#### [Assignment]
When the line containing "Villa Gallery Beach" is found in the data below, copy it and each line after it through the line containing "#LTKGiftGuide #LTKHoliday #LTKSeasonal", exactly and with no others.
========================================================================
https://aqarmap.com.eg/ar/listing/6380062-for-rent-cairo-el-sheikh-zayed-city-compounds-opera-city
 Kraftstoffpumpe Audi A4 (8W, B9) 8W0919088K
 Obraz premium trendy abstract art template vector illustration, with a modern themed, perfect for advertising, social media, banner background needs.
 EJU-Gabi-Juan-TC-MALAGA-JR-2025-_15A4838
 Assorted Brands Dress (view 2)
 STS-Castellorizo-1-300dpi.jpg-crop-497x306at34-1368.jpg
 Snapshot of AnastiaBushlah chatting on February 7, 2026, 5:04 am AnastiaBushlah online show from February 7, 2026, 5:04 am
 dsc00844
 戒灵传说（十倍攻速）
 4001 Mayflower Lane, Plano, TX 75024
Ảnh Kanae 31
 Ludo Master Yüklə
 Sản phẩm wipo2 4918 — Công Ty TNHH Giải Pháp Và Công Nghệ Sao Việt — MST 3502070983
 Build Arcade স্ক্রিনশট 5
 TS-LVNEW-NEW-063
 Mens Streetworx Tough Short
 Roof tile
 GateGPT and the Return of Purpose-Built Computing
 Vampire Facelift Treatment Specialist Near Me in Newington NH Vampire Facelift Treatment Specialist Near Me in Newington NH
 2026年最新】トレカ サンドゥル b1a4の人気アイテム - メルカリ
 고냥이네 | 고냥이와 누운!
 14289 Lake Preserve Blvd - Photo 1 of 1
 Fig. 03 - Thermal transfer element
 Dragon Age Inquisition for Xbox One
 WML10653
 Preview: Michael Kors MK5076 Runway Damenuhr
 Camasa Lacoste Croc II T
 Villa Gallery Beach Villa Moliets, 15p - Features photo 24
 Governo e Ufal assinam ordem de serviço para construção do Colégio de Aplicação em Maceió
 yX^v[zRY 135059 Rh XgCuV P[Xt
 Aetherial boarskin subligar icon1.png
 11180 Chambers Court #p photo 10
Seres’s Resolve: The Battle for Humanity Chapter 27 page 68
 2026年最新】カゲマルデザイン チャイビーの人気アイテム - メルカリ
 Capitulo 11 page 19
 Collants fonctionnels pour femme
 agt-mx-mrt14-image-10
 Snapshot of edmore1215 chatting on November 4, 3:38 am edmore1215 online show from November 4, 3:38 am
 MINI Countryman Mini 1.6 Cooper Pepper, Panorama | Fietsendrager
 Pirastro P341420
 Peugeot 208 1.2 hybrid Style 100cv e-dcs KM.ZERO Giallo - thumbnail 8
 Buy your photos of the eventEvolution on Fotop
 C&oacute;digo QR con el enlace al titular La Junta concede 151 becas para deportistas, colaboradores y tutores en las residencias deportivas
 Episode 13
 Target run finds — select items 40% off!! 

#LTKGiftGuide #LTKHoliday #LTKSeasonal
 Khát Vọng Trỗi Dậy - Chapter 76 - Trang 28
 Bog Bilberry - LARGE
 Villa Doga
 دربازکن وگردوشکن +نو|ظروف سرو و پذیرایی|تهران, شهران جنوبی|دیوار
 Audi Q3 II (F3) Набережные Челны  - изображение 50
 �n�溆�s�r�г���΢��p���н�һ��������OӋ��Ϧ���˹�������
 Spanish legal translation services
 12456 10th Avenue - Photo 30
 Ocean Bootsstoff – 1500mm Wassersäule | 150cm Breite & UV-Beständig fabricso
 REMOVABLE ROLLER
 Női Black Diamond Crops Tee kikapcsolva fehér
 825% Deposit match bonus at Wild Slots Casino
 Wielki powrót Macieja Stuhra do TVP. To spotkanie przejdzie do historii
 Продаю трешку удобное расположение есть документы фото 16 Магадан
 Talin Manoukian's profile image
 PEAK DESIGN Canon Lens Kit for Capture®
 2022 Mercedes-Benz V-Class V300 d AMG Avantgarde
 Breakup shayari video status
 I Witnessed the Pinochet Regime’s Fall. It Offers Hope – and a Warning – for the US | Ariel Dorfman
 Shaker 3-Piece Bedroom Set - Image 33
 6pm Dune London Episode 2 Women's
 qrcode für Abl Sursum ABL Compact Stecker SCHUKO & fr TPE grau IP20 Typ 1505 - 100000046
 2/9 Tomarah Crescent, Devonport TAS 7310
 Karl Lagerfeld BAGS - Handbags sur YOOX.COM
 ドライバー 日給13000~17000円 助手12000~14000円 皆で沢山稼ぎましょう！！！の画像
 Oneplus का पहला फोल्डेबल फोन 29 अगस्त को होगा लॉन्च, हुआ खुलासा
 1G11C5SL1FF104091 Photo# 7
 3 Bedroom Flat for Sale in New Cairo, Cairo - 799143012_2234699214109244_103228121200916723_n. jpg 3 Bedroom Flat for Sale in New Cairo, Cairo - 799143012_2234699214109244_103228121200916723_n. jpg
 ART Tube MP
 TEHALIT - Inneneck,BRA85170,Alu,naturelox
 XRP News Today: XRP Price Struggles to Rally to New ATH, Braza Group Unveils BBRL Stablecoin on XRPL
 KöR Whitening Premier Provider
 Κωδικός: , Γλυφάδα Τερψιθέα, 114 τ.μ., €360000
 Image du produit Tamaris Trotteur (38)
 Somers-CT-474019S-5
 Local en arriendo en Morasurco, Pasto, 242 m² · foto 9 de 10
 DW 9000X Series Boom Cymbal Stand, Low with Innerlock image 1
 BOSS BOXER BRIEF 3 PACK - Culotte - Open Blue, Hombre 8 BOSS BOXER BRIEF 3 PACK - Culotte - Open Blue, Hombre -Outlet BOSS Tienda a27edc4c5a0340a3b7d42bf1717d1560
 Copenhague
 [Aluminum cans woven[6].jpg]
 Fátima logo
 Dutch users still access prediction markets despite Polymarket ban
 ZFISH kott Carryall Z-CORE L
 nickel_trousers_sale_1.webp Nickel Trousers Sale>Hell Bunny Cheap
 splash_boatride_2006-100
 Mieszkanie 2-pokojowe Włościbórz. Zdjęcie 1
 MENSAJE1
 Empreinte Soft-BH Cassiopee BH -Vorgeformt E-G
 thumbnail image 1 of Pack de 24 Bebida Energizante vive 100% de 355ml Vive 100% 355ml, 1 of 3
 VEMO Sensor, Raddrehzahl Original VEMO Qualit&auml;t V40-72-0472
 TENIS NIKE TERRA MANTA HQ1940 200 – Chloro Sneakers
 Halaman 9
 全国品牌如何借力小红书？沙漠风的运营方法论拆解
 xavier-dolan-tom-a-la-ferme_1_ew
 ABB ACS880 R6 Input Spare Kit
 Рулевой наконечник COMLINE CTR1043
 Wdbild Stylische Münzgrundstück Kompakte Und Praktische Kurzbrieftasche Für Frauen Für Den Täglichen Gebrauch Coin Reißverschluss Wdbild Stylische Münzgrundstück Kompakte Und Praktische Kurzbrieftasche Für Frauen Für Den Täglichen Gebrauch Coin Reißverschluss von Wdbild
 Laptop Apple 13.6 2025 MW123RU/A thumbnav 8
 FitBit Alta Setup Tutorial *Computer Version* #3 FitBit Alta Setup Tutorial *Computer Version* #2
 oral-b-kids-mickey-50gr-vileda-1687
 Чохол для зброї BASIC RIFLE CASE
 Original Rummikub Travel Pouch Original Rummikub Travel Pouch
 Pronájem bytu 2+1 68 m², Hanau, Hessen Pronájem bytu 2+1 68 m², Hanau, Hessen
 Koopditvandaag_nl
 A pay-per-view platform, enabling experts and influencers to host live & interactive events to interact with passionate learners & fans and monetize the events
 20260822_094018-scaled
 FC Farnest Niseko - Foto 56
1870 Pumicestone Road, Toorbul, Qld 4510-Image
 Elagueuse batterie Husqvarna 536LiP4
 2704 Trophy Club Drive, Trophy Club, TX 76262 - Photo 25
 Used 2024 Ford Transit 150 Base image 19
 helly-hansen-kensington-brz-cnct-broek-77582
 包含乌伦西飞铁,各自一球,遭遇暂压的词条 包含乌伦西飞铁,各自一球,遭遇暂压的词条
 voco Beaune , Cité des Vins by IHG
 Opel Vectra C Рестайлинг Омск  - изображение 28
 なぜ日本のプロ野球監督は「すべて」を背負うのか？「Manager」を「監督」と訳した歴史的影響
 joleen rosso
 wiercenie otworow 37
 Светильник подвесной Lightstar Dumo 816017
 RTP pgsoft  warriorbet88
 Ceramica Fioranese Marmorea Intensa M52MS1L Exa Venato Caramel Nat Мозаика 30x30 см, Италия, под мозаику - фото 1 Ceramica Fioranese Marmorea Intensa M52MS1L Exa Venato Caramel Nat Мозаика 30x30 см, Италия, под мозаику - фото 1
========================================================================
#### [Task solution]
 Villa Gallery Beach Villa Moliets, 15p - Features photo 24
 Governo e Ufal assinam ordem de serviço para construção do Colégio de Aplicação em Maceió
 yX^v[zRY 135059 Rh XgCuV P[Xt
 Aetherial boarskin subligar icon1.png
 11180 Chambers Court #p photo 10
Seres’s Resolve: The Battle for Humanity Chapter 27 page 68
 2026年最新】カゲマルデザイン チャイビーの人気アイテム - メルカリ
 Capitulo 11 page 19
 Collants fonctionnels pour femme
 agt-mx-mrt14-image-10
 Snapshot of edmore1215 chatting on November 4, 3:38 am edmore1215 online show from November 4, 3:38 am
 MINI Countryman Mini 1.6 Cooper Pepper, Panorama | Fietsendrager
 Pirastro P341420
 Peugeot 208 1.2 hybrid Style 100cv e-dcs KM.ZERO Giallo - thumbnail 8
 Buy your photos of the eventEvolution on Fotop
 C&oacute;digo QR con el enlace al titular La Junta concede 151 becas para deportistas, colaboradores y tutores en las residencias deportivas
 Episode 13
 Target run finds — select items 40% off!! 

#LTKGiftGuide #LTKHoliday #LTKSeasonal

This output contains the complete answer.